Matriz de proteínas fosfocinasas de adipocitos SGBS tratados con HMB
Este enfoque se utilizó para determinar de forma no sesgada los cambios en la fosforilación de proteínas que se sabe que influyen en la actividad de importantes proteínas de transducción de señales. Se trataron adipocitos humanos diferenciados durante 4 días con o sin HMB (1 mM).

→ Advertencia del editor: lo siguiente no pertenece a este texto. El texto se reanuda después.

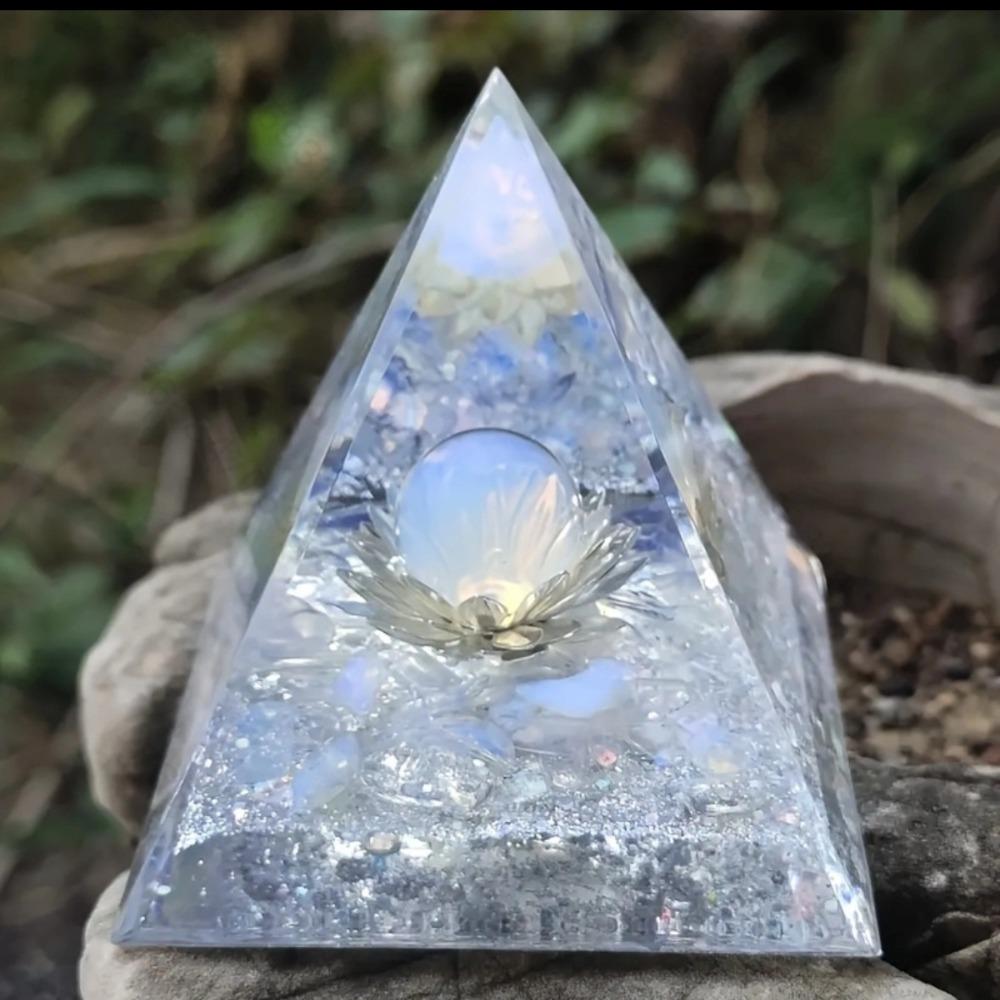 Fortune Lucky Pyramid Figurine Drop Glue Evil Eye Pyramid Evil Eye Ornament  Home Office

Se muestran solo los aumentos significativos por encima de las células no tratadas en la fosforilación de la proteína listada en el sitio o sitios de fosforilación indicados. Se realizaron matrices de proteínas, y la tabla 2 muestra las proteínas fosforiladas que fueron reguladas al alza tras la incubación de adipocitos diferenciados con HMB y la tabla 3 muestra las proteínas que fueron reguladas a la baja.
Tabla 2
Tabla 3
Un hallazgo notable es el de una disminución de Stat 3, que está implicada en la vía beneficiosa de la IL-6. Además, se observó una disminución del transcrito de AKT 1/2/3, una proteína que se fosforila en la serina 473 y está íntimamente implicada en la vía de mTOR. Esto contrasta con la ausencia de cambios en AKT 1/2/3, que está en la treonina 308 y participa en la vía de transducción de señales de la insulina. Las cinasas SRC, Fyn, yes y lyn están implicadas en el metabolismo de los ácidos grasos.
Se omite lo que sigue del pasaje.